Welcoming Friends Home
/Elise Zeigler
Summer Intern
The Christian Friends of New American’s Peace Center is a second home. Its space is a safe and social place for New American families, community volunteers, and staff. As I started spending more time volunteering at after-school tutoring, a love for our new American neighbors began to grow in my heart.
Gradually, I began to remember the names of my neighbors. Knowing their names and their stories I also began to understand how The Peace Center lives up to its goal of helping recently arrived refugees develop a sense of belonging in St Louis city as well as in the Lutheran community.

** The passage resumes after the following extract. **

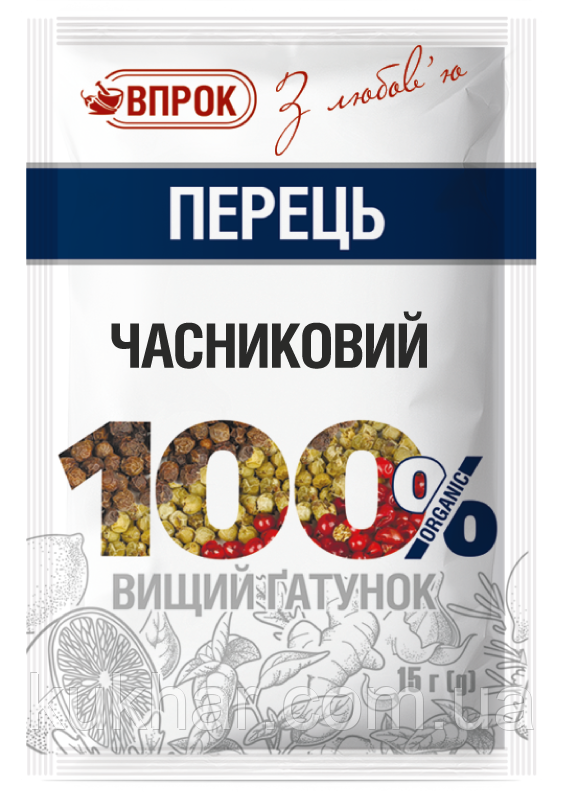 Перець часниковий 15 г, фото 1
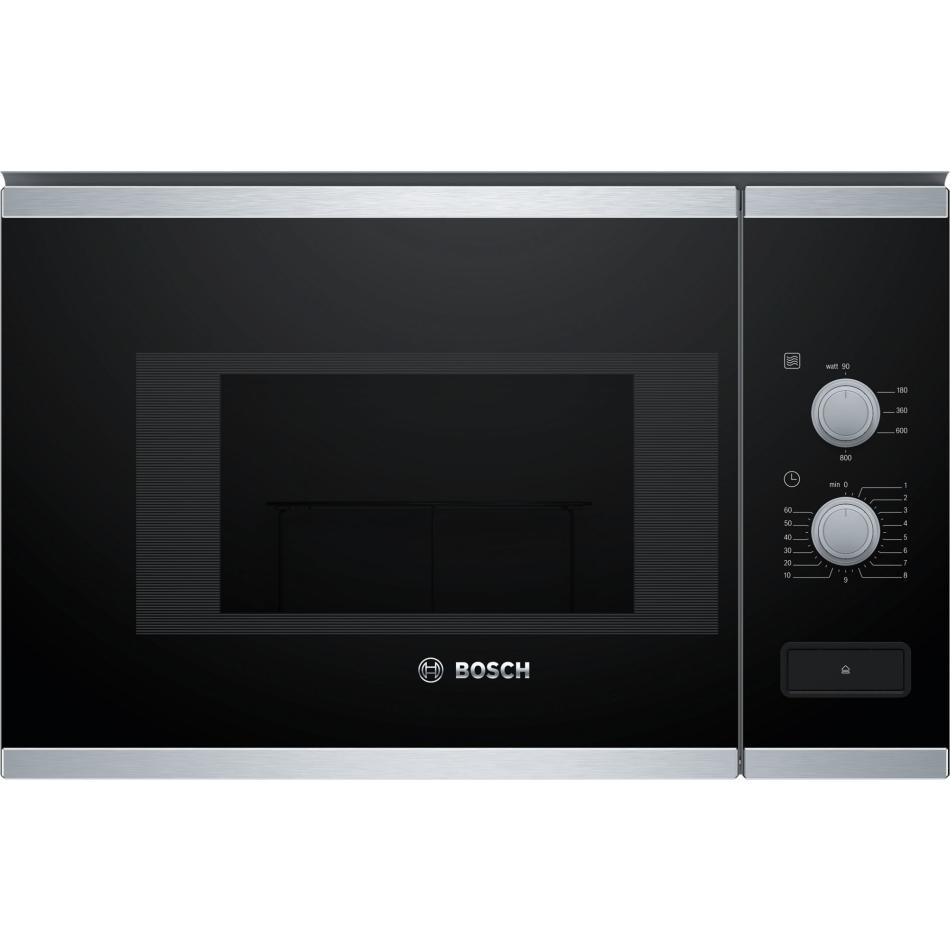 Micro-Ondes Encastrable Bosch BFL520MS0 – 800 W, 20 L, Inox - vue 9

As a summer intern, I have been blessed to join in welcoming my new neighbors in love. Josef Pieper said love is saying it’s good that you exist. As a volunteer, I watched New American students develop confidence while finding their place in a new country. I also watched friends grow beyond the trellis of support the Peace Center provides. While driving to swimming, ceramics, citizenship, and math classes this summer, I am invited to exist in Jesus’ love with my friends.

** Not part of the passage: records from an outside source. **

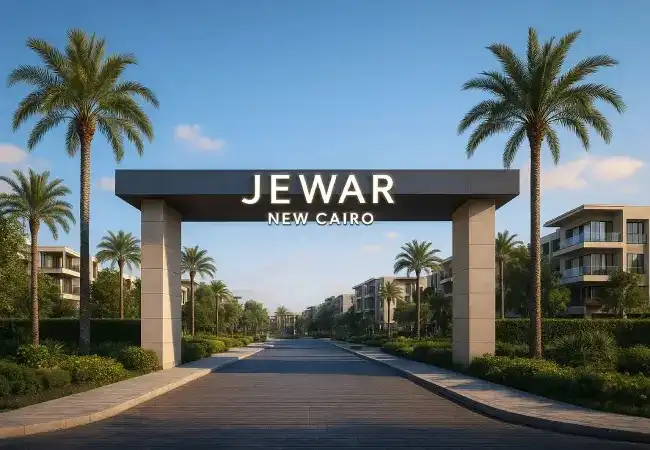 Jiwar New Cairo Compound - by Concrete Development 2026 6 Jiwar New Cairo Compound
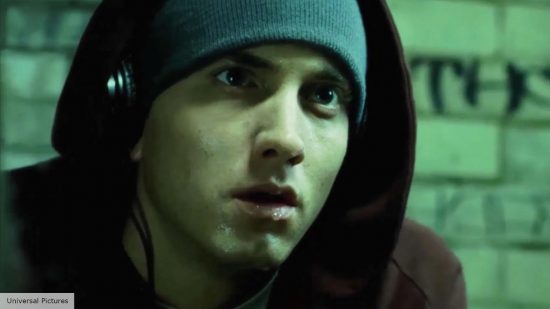 8 Mile star Eminem nearly played a role taken by Darth Vader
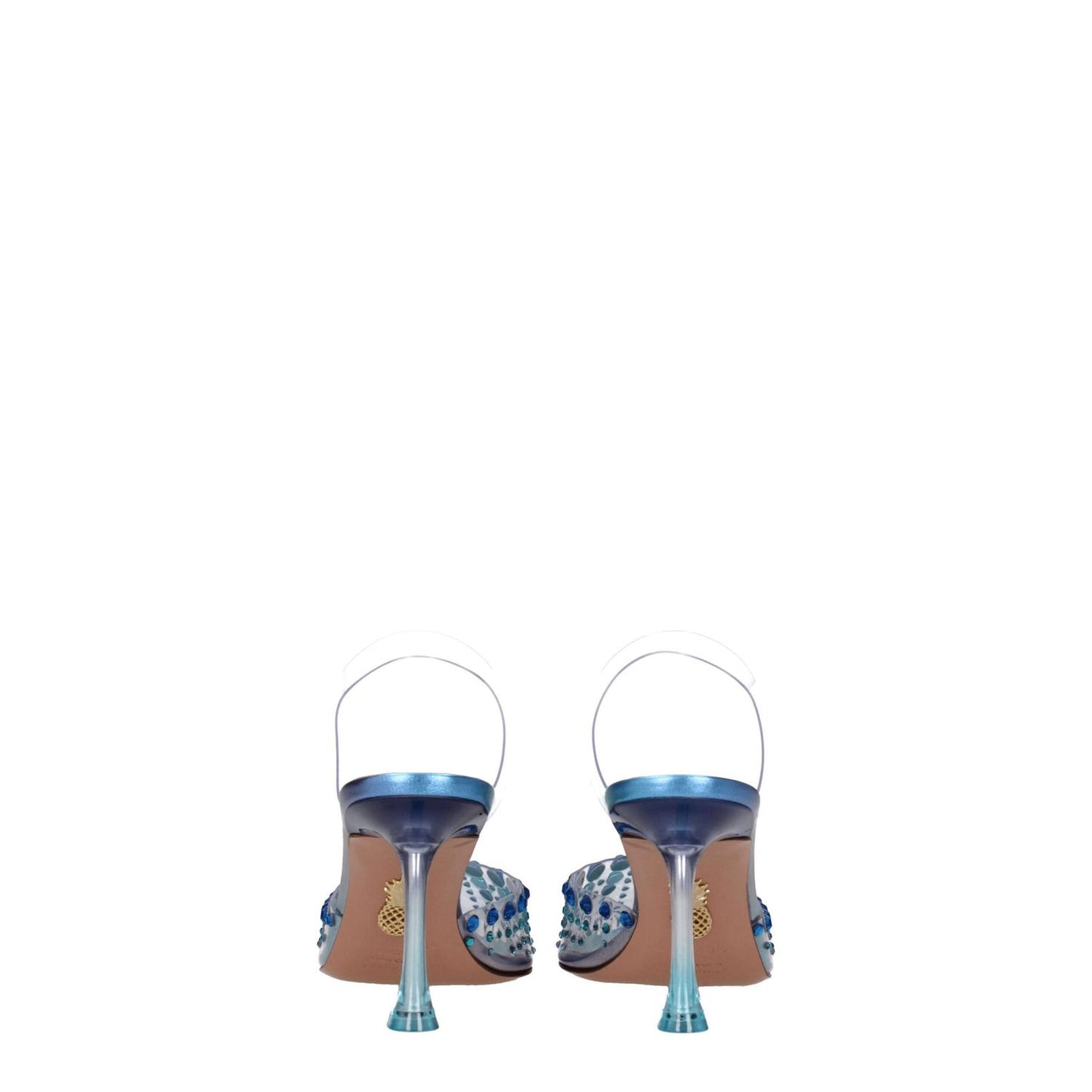 Aquazzura Transparent Pvc Stiletto Heel Sandals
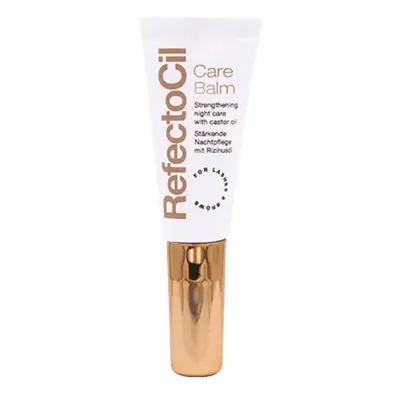 RefectoCil Care Balm - intenzivní noční péče na obočí a řasy s ricinovým olejem, 9 ml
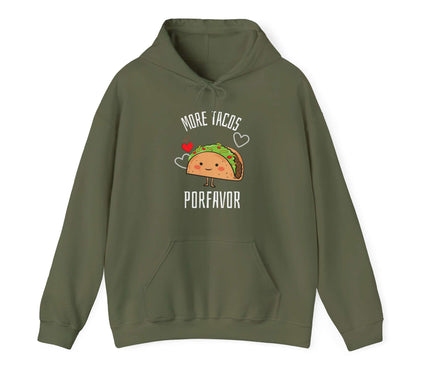 More Tacos Porfavor Classic Hoodie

The joy of my summer has been picking up kids at the end of a week who eagerly jump into my car with smiles, saying “Good morning, friend, I am so excited for today because we get to spend time with you swimming.” Most of the families at the Peace Center have a disarming presence of assumed friendship that jumps and waves when they see you or lean in for a hug after you knock on their door. They remind me of the joy of Jesus and how he is always our friend.

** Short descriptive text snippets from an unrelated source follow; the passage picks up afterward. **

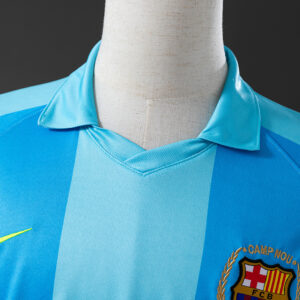 Barcelona 2007/08 Away Retro Jersey – Vintage Replica Football Soccer Shirt – Si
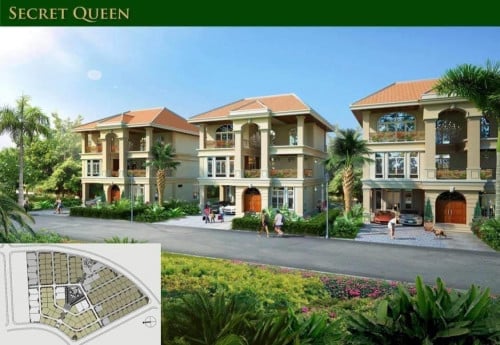 Villa for rent or sell at Camko City Secret Garden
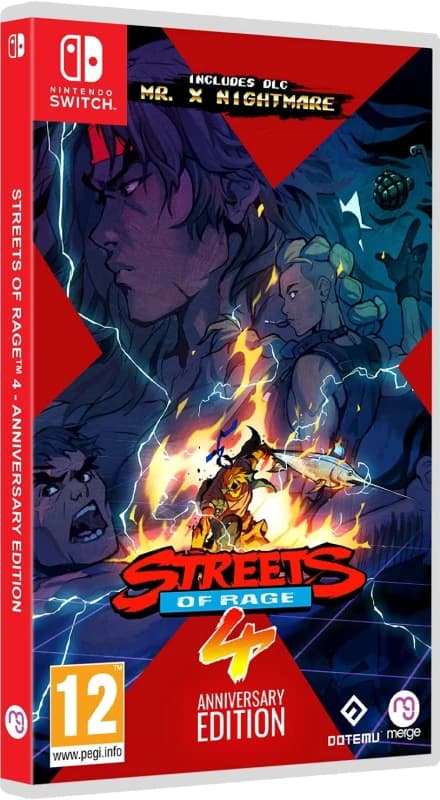 GameRaid Streets Of Rage 4 - Anniversary Edition (Nintendo Switch)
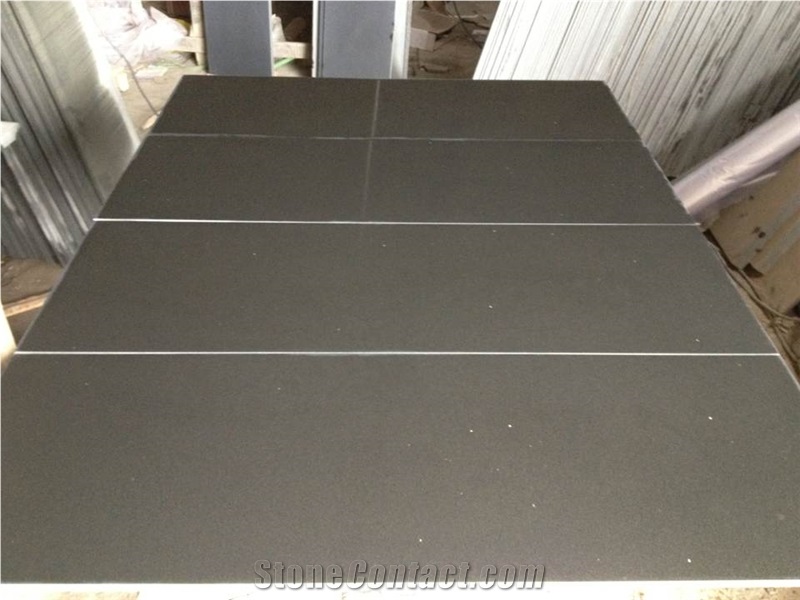 Tile/Wall Cladding/China Black Basalt/Mongolia Black Basalt/ Floor Covering/Outdoor Metope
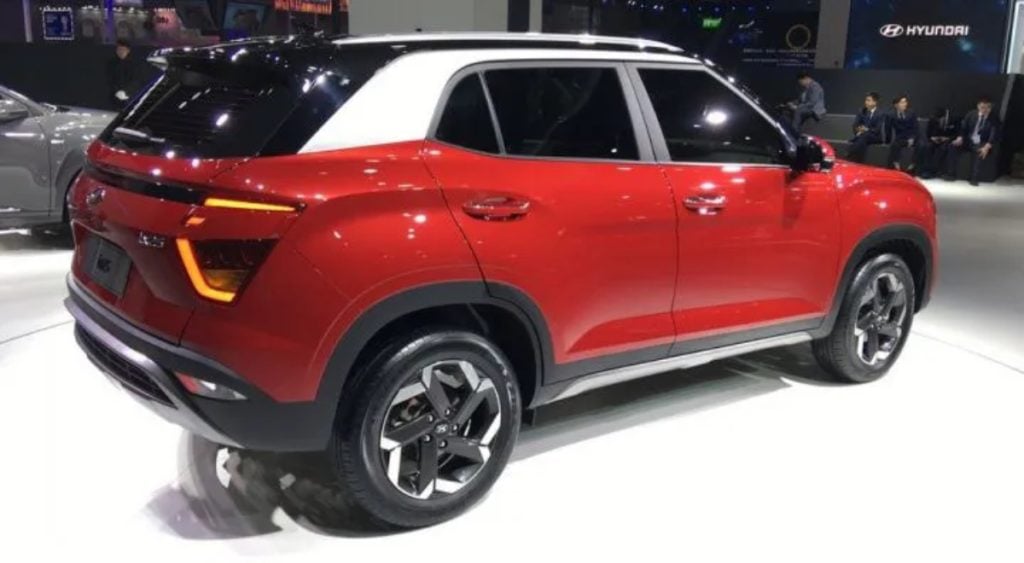 creta new rear image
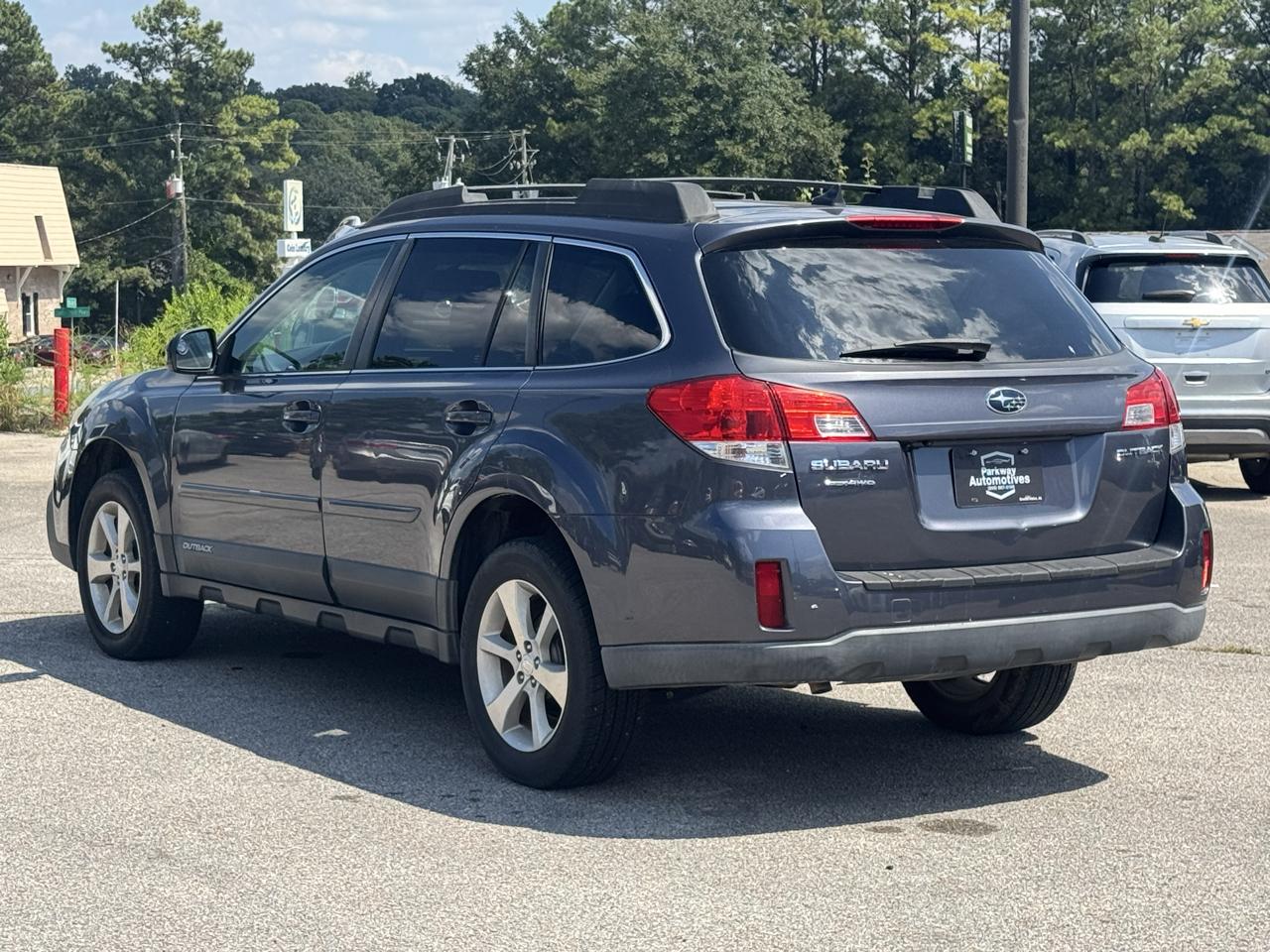 Subaru Outback 2.5i Limited 2014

As followers of Jesus, we understand peace as not simply the absence of conflict, but the restoration of brokenness. Staying late to sip tea at a family’s house or have a little Afro-dance party, my time at the Peace Center transforms me as a person. I now know stories of corruption, collapse, and crippling city systems. The community draws me closer to Jesus. It is a space for me to mature as a faithful follower of Jesus and a rising St Louis leader. I am grateful for faith role models like Dr. Pastor Stanish who live their commitment to serving any neighbor who knocks on the Peace Center’s Doors. His demonstration of generous living inspires me to follow in faithful action.
Currently, I attend Baylor University as an undergraduate student studying Social Entrepreneurship and Immigration. I have dreams of managing socially focused businesses that support under-resourced immigrant or indigenous populations. Regardless of these dreams, I pray God will send me where He wills as I continue to serve as a volunteer among New Americans attempting to establish a second home.